Data provided.
· · · ·
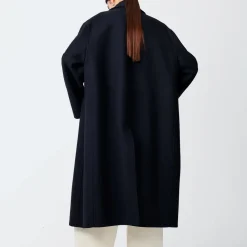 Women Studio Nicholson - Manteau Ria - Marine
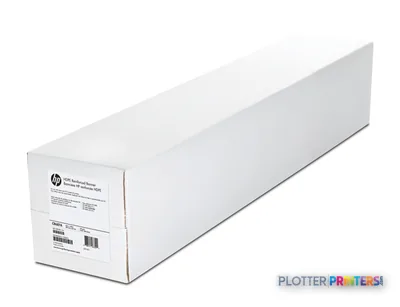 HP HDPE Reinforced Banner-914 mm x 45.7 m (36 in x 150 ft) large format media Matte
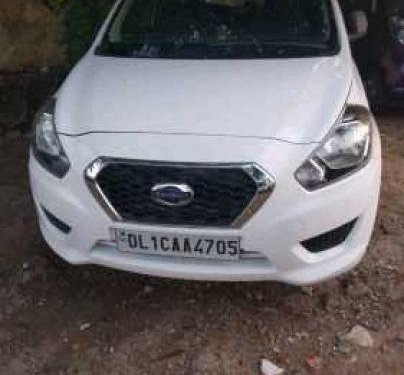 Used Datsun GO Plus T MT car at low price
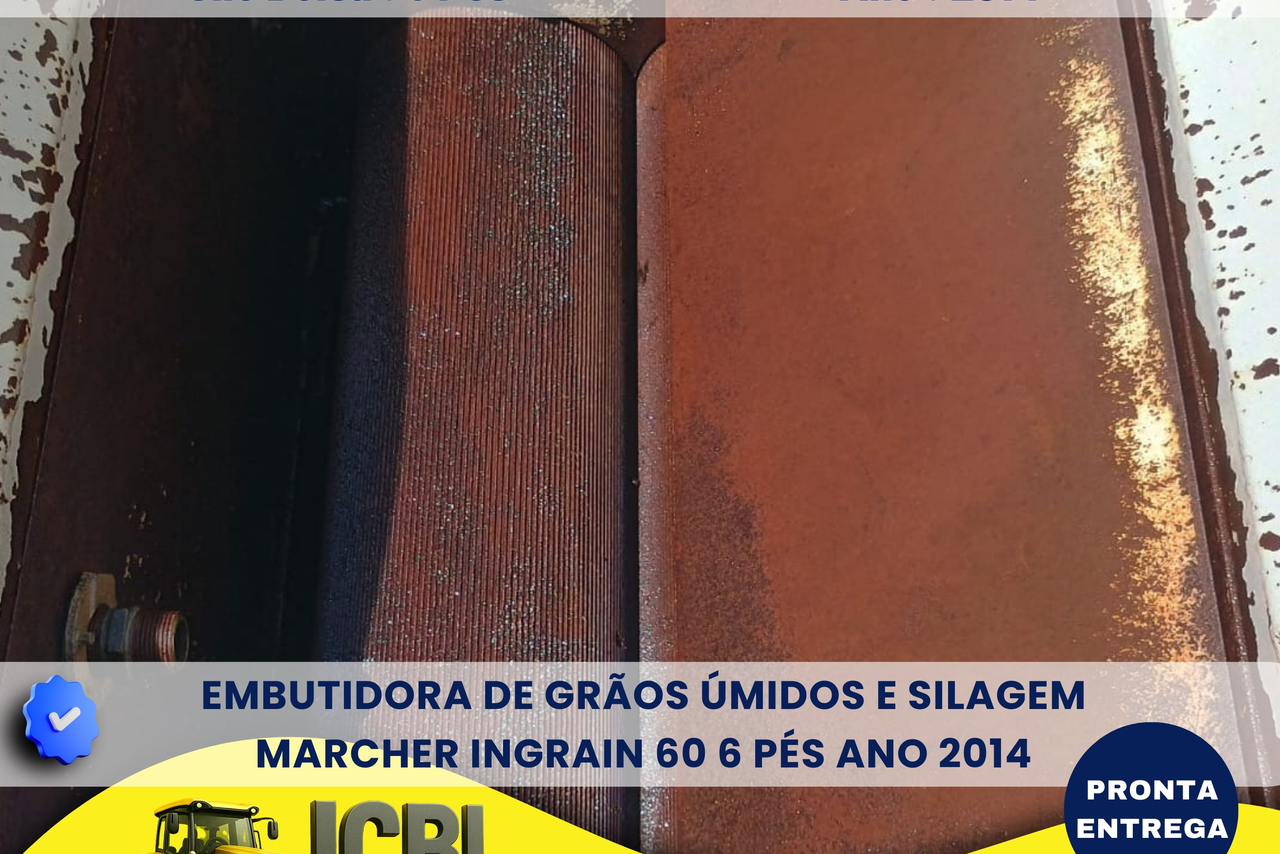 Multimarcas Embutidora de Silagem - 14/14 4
· · · ·
Prompt.
The answer must be the exact lines from the line with "HP HDPE Reinforced" to the final line of the data, both ends included, with no pictures.

Output for this task.
 HP HDPE Reinforced Banner-914 mm x 45.7 m (36 in x 150 ft) large format media Matte
 Used Datsun GO Plus T MT car at low price
 Multimarcas Embutidora de Silagem - 14/14 4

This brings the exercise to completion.